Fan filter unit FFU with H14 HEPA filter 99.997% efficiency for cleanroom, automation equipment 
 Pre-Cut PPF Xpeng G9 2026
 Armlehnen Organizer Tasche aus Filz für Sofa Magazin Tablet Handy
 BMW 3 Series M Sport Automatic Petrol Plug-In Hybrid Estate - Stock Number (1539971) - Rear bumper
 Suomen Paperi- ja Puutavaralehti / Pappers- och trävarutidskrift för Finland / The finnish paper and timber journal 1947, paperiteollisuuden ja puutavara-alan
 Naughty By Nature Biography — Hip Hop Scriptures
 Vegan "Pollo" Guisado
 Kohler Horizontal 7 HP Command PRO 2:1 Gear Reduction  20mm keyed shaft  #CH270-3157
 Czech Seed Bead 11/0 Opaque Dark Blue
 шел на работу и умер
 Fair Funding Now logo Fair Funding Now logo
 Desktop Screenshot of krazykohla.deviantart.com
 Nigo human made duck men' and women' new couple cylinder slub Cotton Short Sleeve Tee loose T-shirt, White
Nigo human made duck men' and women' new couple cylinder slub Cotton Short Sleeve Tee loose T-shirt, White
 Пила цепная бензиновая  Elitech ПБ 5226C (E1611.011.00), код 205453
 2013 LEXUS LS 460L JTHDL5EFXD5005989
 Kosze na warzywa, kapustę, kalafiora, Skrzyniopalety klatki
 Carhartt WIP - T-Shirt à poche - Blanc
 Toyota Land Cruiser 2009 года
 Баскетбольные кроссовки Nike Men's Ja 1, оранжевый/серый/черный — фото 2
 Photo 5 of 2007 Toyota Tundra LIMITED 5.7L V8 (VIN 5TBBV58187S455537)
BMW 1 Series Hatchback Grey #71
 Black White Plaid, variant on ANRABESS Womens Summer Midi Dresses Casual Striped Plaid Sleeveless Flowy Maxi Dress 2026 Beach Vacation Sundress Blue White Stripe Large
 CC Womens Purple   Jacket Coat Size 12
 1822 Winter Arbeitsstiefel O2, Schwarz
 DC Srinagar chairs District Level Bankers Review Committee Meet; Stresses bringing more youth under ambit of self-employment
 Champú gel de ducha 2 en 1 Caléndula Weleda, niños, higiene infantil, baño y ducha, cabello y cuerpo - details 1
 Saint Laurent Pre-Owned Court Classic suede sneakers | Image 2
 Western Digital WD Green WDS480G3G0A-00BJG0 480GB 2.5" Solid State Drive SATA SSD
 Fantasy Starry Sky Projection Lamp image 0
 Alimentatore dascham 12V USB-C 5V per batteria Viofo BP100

• [Assignment] Copy each entry above exactly, leaving nothing out.

• [The completed task]
Fan filter unit FFU with H14 HEPA filter 99.997% efficiency for cleanroom, automation equipment 
 Pre-Cut PPF Xpeng G9 2026
 Armlehnen Organizer Tasche aus Filz für Sofa Magazin Tablet Handy
 BMW 3 Series M Sport Automatic Petrol Plug-In Hybrid Estate - Stock Number (1539971) - Rear bumper
 Suomen Paperi- ja Puutavaralehti / Pappers- och trävarutidskrift för Finland / The finnish paper and timber journal 1947, paperiteollisuuden ja puutavara-alan
 Naughty By Nature Biography — Hip Hop Scriptures
 Vegan "Pollo" Guisado
 Kohler Horizontal 7 HP Command PRO 2:1 Gear Reduction  20mm keyed shaft  #CH270-3157
 Czech Seed Bead 11/0 Opaque Dark Blue
 шел на работу и умер
 Fair Funding Now logo Fair Funding Now logo
 Desktop Screenshot of krazykohla.deviantart.com
 Nigo human made duck men' and women' new couple cylinder slub Cotton Short Sleeve Tee loose T-shirt, White
Nigo human made duck men' and women' new couple cylinder slub Cotton Short Sleeve Tee loose T-shirt, White
 Пила цепная бензиновая  Elitech ПБ 5226C (E1611.011.00), код 205453
 2013 LEXUS LS 460L JTHDL5EFXD5005989
 Kosze na warzywa, kapustę, kalafiora, Skrzyniopalety klatki
 Carhartt WIP - T-Shirt à poche - Blanc
 Toyota Land Cruiser 2009 года
 Баскетбольные кроссовки Nike Men's Ja 1, оранжевый/серый/черный — фото 2
 Photo 5 of 2007 Toyota Tundra LIMITED 5.7L V8 (VIN 5TBBV58187S455537)
BMW 1 Series Hatchback Grey #71
 Black White Plaid, variant on ANRABESS Womens Summer Midi Dresses Casual Striped Plaid Sleeveless Flowy Maxi Dress 2026 Beach Vacation Sundress Blue White Stripe Large
 CC Womens Purple   Jacket Coat Size 12
 1822 Winter Arbeitsstiefel O2, Schwarz
 DC Srinagar chairs District Level Bankers Review Committee Meet; Stresses bringing more youth under ambit of self-employment
 Champú gel de ducha 2 en 1 Caléndula Weleda, niños, higiene infantil, baño y ducha, cabello y cuerpo - details 1
 Saint Laurent Pre-Owned Court Classic suede sneakers | Image 2
 Western Digital WD Green WDS480G3G0A-00BJG0 480GB 2.5" Solid State Drive SATA SSD
 Fantasy Starry Sky Projection Lamp image 0
 Alimentatore dascham 12V USB-C 5V per batteria Viofo BP100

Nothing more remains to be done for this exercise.